O pintor apercebe-se, de imediato, que está diante de alguém com uma sensibilidade pictórica fora do comum: Griet é a pessoa ideal para limpar a oficina, colocando os objectos nos sítios exactos. Primeiro, pela facilidade em visualizar os objectos no espaço, pela habilidade em conservar a disposição destes nos lugares exactos, através de um engenhoso método de medições atrevendo-se mesmo a fazer sugestões na disposição dos cenários para quadros como “A Filha do Padeiro” e mesmo “Rapariga com Brinco de Pérola”.

A curiosidade que Griet desperta no pintor, ainda em casa dos pais desta, no momento em que o casal está a negociar os termos de contratação desperta, desde logo, um ciúme virulento na esposa do pintor: a bela, prepotente e caprichosa Catharina. Tudo porque, apesar da evidente paixão que este lhe dedica, Griet consegue entrar no mundo “dele”
.
Em relação aos filhos do casal, Griet estabelece com Maertge, a mais velha, uma relação de cumplicidade que se mantém mesmo após a jovem ser despedida. Já em relação a Cornelia, a segunda filha, a relação de oposição é estabelecida logo de início, a partir do primeiro olhar. Griet não admite a prepotência, vinda do sorriso escarninho de uma criança que se percebe ser mimada, sedenta de protagonismo e que não hesita em rebaixá-la. Griet não é muito bem sucedida em relações interpessoais – não tem grande paciência para cativar a amizade de personalidades difíceis – além de que é uma pessoa que sobressai, que e destaca da multidão. Que não é medíocre. Cornelia apercebe-se disso e tenta boicotar-lhe o trabalho. As duas lutam entre campos opostos. Griet não sabe lidar com a maldade, mas tem a capacidade de aplacar conflitos antes de eclodirem. Consegue, por isso, durante muito tempo, deitar água fria no caldeirão onde fervilham os ciúmes de Catharina. Mas só até Cornelia atiçar o fogo…

Em relação à cozinheira Tanneke, os sentimentos desta para com Griet vão-se modificando ao longo da trama. Inicialmente, a criada mais antiga da casa mostra-se desconfiada, depois solidária e, por último, invejosa, ao constatar que a jovem atinge um estatuto dentro da casa que a torna indispensável se não mesmo insubstituível: Griet tornou-se a assistente do pintor.
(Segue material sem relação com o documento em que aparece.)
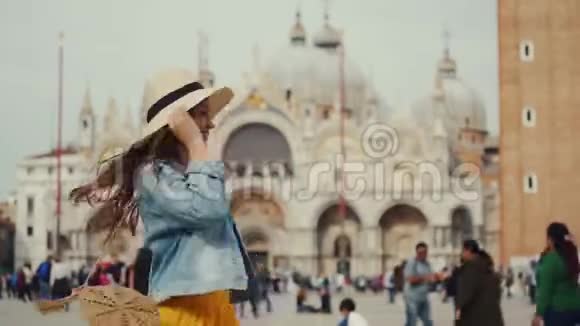 穿帽子的女孩牛仔黄色的裙子在广场上与模糊的圣马可教堂做对比视频的预览图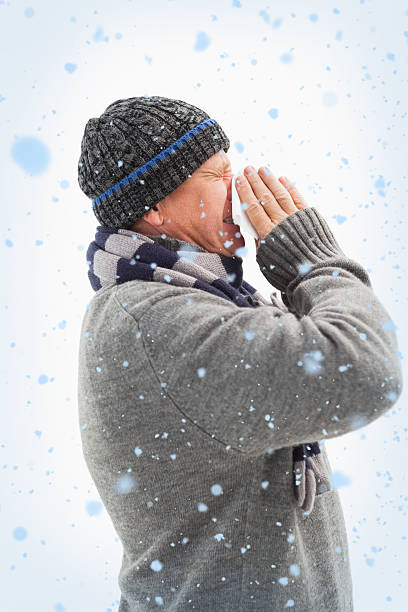 istock Sick mature man blowing his nose 524068849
É quase uma aprendiz.

Entre Griet e a sogra de Vermeer há uma relação baseada na união de interesses: Maria Thins vê na jovem um “objecto” útil para que o genro execute melhor e mais depressa os seus trabalhos. Já Griet, encontra na matriarca, pelo menos durante algum tempo, uma aliada, que a protege das ciladas e a ajuda a escapar das tarefas mais odiosas de forma a cumprir o objectivo principal: ajudar o patrão.

Mas entre Griet e o pintor começa a surgir uma atracção mútua, uma paixão que é sublimada pela Arte, pelo ideal a que ambos se devotam: a Pintura.
No entanto a situação de Griet torna-se insustentável devido à tensão surgida pelo ciúme de Catharina, às ciladas de Cornelia, a que se junta o assédio sexual pelo patrono de Vermeer, que a persegue pela casa.

A relação de Griet com a família de orientação sofre, também, alterações à medida que se desenrola a história. Ela torna-se, inicialmente, criada para suprir as necessidades da família, a qual sente vergonha por colocar uma filha a servir em casa alheia, sinal evidente de decadência económica. Trata-se de uma família puritana, protestante, que olha com desconfiança os habitantes do bairro católico, onde vive a família Vermeer.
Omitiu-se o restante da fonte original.